Qualche giorno fa, una pagina del Corriere era dedicata alle segrete trattative, che presto saranno svelate: entro un mese le forze di maggioranza depositeranno alla Camera un testo con il nuovo sistema elettorale. L’obiettivo è esaminare in Parlamento il provvedimento nel giro di sei-otto mesi, in modo da varare la legge all’inizio del 2027 in vista delle Politiche. Giorgia Meloni vuole superare il Rosatellum per due ragioni: teme il Campo largo a sinistra e vuole scongiurare il rischio di larghe intese. E dunque dal cilindro dei Fratelli d’Italia rispunta il coniglio Tatarellum, il sistema elettorale delle Regioni, il peggiore possibile: turno unico, listini bloccati legati al candidato presidente, parte dei seggi assegnati a maggioranza relativa, qualunque sia, elezione diretta del presidente della Regione e contestualmente del consiglio regionale.
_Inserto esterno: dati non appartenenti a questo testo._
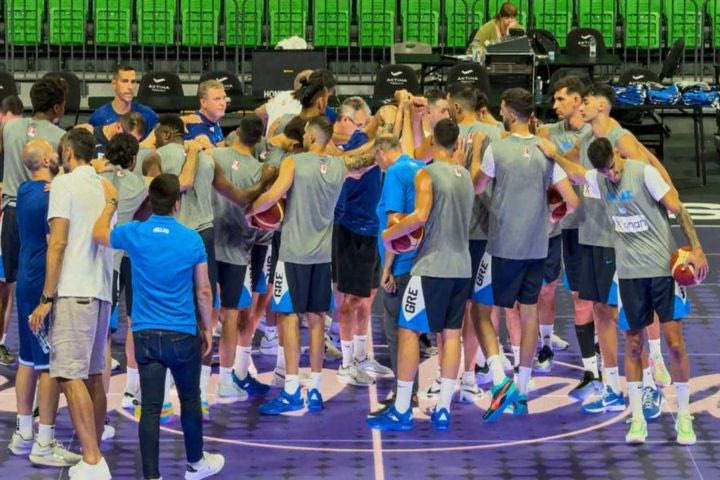 Η Εθνική Ελλάδας προπονήθηκε παρουσία του Βαγγέλη Λιόλιου, τα επόμενα 24ώρα μπαίνουν Αντετοκούνμπο και Ντόρσεϊ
Già in gennaio era trapelata la preferenza del partito della premier per questo bel sistema, che prende il nome dall’ex camerata Giuseppe Tatarella, primo firmatario della legge del 1995. Così Meloni realizzerebbe il disegno del premierato senza dover sfidare il Quirinale e senza dover passare da un referendum dall’esito incerto. In sostanza, la decapitazione della nostra democrazia. Siccome però non c’è limite al peggio, fa capolino anche l’introduzione del nome del candidato premier sulla scheda, su cui anche il Pd sarebbe d’accordo per chiarire i rapporti di forza con i 5 Stelle: un altro tassello che contribuirebbe alla trasformazione della forma di governo con una legge ordinaria (un abominio costituzionale). Val la pena di ricordare che per le riforme costituzionali non approvate con la maggioranza dei due terzi, la Carta prevede di interpellare i cittadini con una consultazione popolare senza quorum, proprio per dare l’ultima parola ai cittadini sulle questioni più importanti della vita democratica. Le leggi elettorali non sono meno cruciali, ma sono da tempo ridotte a un giochetto tra i partiti: cambiano in continuazione, sono complicate e fatte apposta per alterare il risultato finale. È anche per questo che sempre meno gente va a votare: ci vorrebbe un referendum anche per le leggi elettorali.